Le député Rassemblement national Jean-Philippe Tanguy a défendu mardi 11 février la proposition de son parti d'interdire le port du voile islamique dans l'espace public, affirmant que le RN ne visait pas un « symbole religieux » mais celui d'une « idéologie ». Interrogé sur France Info, il a justifié cette mesure, critiquée de toutes parts, et réaffirmé la volonté du parti d'organiser un référendum sur le sujet, en dépit des doutes concernant sa constitutionnalité.

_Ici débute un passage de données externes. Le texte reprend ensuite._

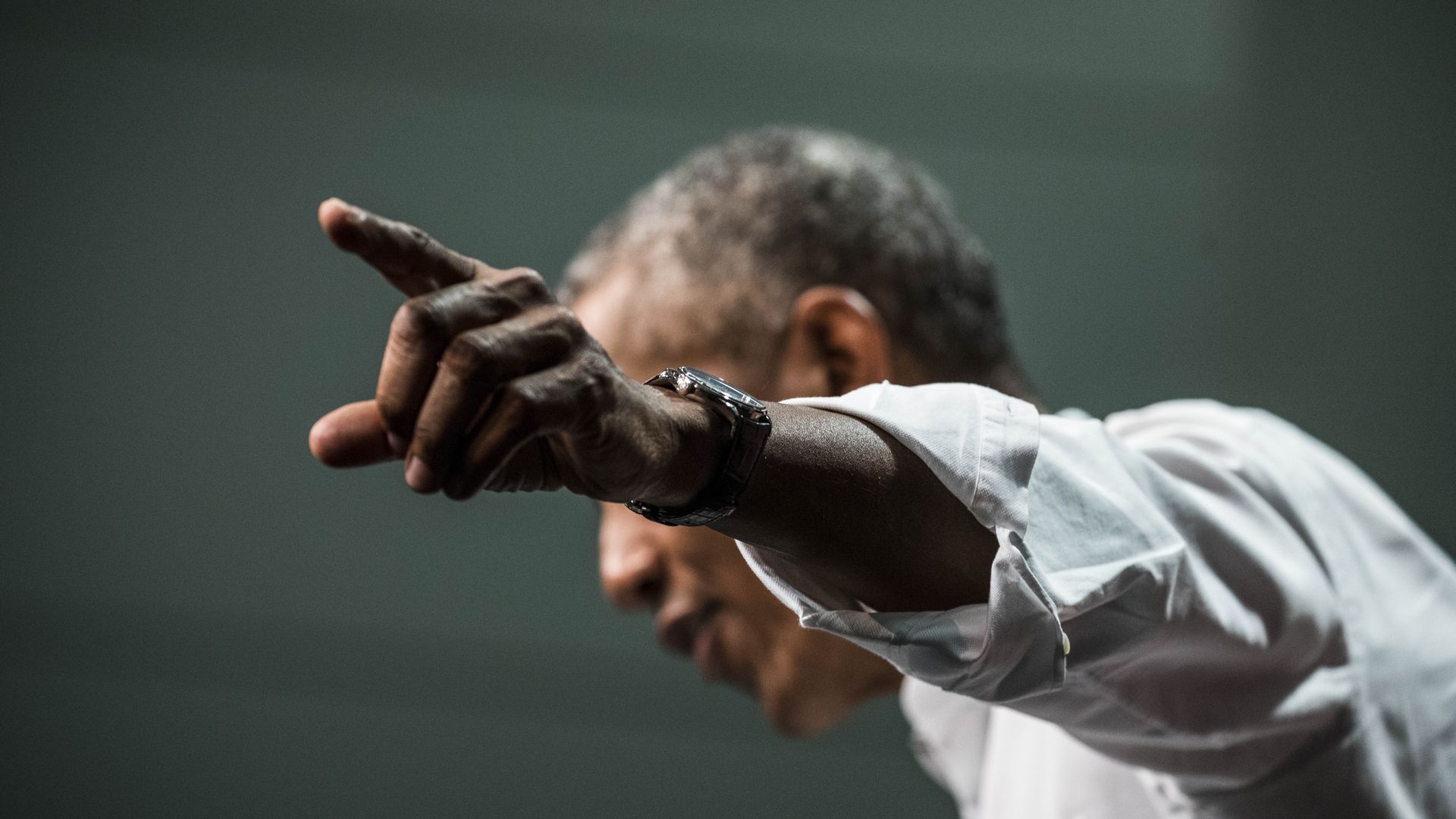 Obama pointing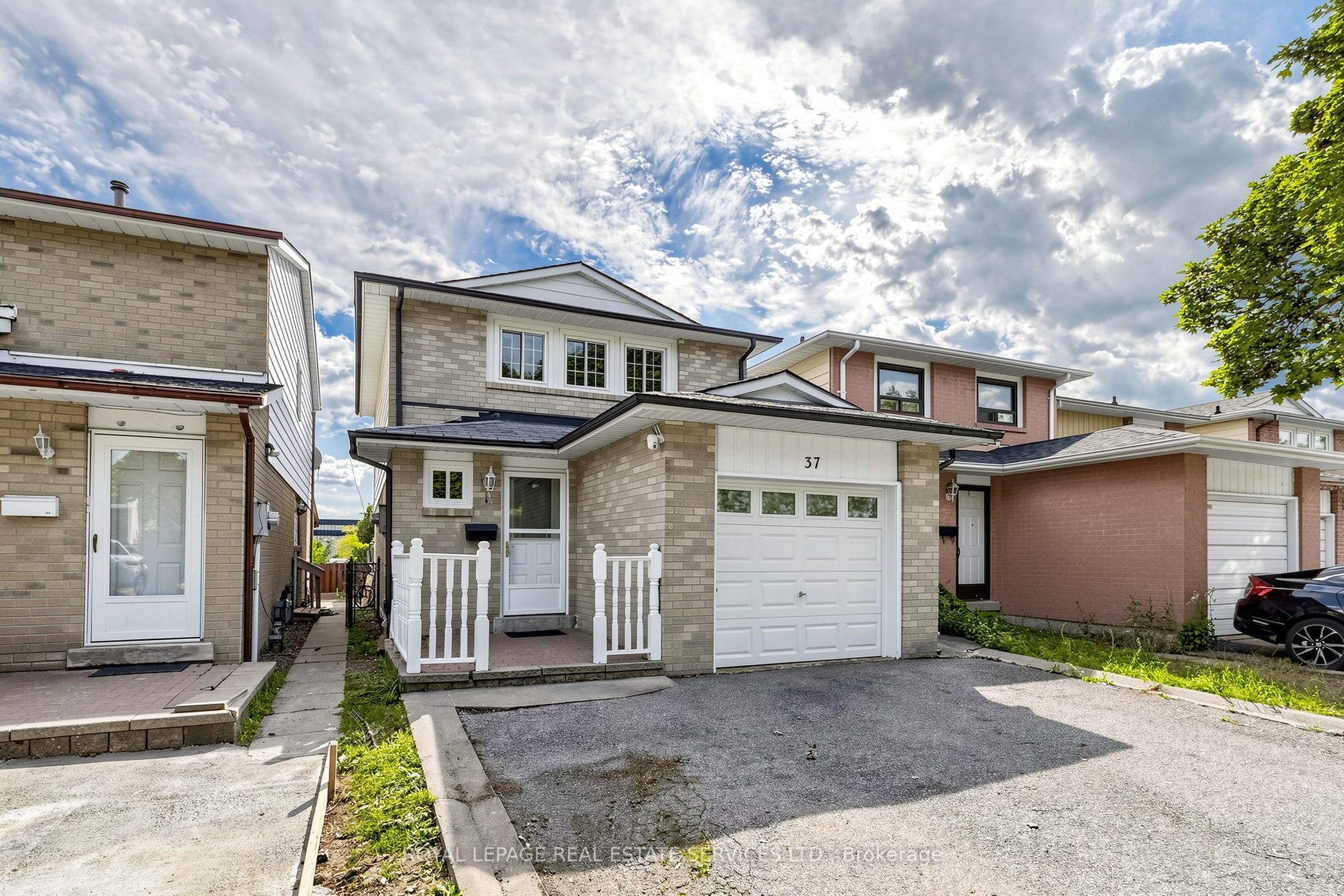 37 Woodsview Avenue, Toronto, ON M9W 6B9 photo 3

Une proposition défendue comme une nécessité face à une idéologie
« Nous n'avons jamais stigmatisé les femmes qui portent le voile », a assuré Jean-Philippe Tanguy, avant d'ajouter : « il peut arriver qu'on doive malheureusement parfois abandonner un certain nombre de symboles parce qu'ils ont été accaparés par une idéologie ». Le député a ainsi répondu aux critiques qui accusent le RN de porter atteinte à la liberté religieuse. Il avait évoqué dimanche le projet de son parti de soumettre à des amendes les femmes portant le voile dans la sphère publique.
Une proposition critiquée jusque dans les rangs de la droite
La candidate à la présidentielle, Marine Le Pen, a confirmé lundi soir qu'elle proposerait « aux Français par référendum une grande loi de lutte contre les idéologies islamistes avec de nombreuses mesures puissantes, y compris la pénalisation du voile islamiste dans l'espace public ». Cette annonce a suscité de vives réactions, tant sur le plan de la liberté religieuse que sur celui de l'applicabilité pratique par les forces de l'ordre.

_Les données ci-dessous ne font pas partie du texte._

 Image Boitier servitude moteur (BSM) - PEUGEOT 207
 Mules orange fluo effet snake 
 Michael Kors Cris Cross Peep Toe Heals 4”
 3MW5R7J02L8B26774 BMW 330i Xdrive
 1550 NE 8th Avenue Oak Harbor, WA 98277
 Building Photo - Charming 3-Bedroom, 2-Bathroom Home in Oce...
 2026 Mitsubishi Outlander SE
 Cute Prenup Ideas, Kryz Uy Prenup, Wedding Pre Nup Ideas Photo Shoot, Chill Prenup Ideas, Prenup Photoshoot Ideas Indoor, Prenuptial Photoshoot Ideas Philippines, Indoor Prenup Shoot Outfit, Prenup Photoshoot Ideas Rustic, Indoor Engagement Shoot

Le candidat Les Républicains Bruno Retailleau, qui souhaite pour sa part interdire le voile dans les compétitions sportives et les sorties scolaires, a dénoncé sur RTL « des populistes » qui « trahiront leurs promesses parce qu'ils savent parfaitement que c'est inapplicable ». Il a également relevé une divergence au sein du RN entre les positions de Jordan Bardella, qui ne veut pas « mettre en place une police du vêtement », et celles de Marine Le Pen, estimant que « cela patauge dur au RN ».
L'opposition de Gabriel Attal et la question constitutionnelle
Le candidat Renaissance Gabriel Attal s'est dit « en désaccord radical avec cette proposition » lors de la visite d'une école de sa circonscription. « Le respect des valeurs de la République passe aussi par une liberté de croyance, une liberté de culte, et donc le respect du choix qui est fait par certaines femmes », a-t-il déclaré. Il avait lui-même provoqué une polémique il y a quelques mois en proposant l'interdiction du voile aux moins de 15 ans, mais « au nom de la protection de l'enfance ».
Sur le plan juridique, un référendum sur cette question nécessiterait au préalable une révision de la Constitution, dont l'article 11 limite le champ des consultations populaires. Jean-Philippe Tanguy considère néanmoins que « l'article 11 est extensif » et que « les Français doivent pouvoir se prononcer sur tous les sujets ». Marine Le Pen, si elle est élue, entend procéder dès son arrivée à une grande révision de la Constitution pour y introduire des dispositions sur l'immigration, la nationalité ou la primauté du droit national, et ce directement par référendum via cet article 11, une démarche qui serait probablement dénoncée comme un coup de force par le Conseil constitutionnel.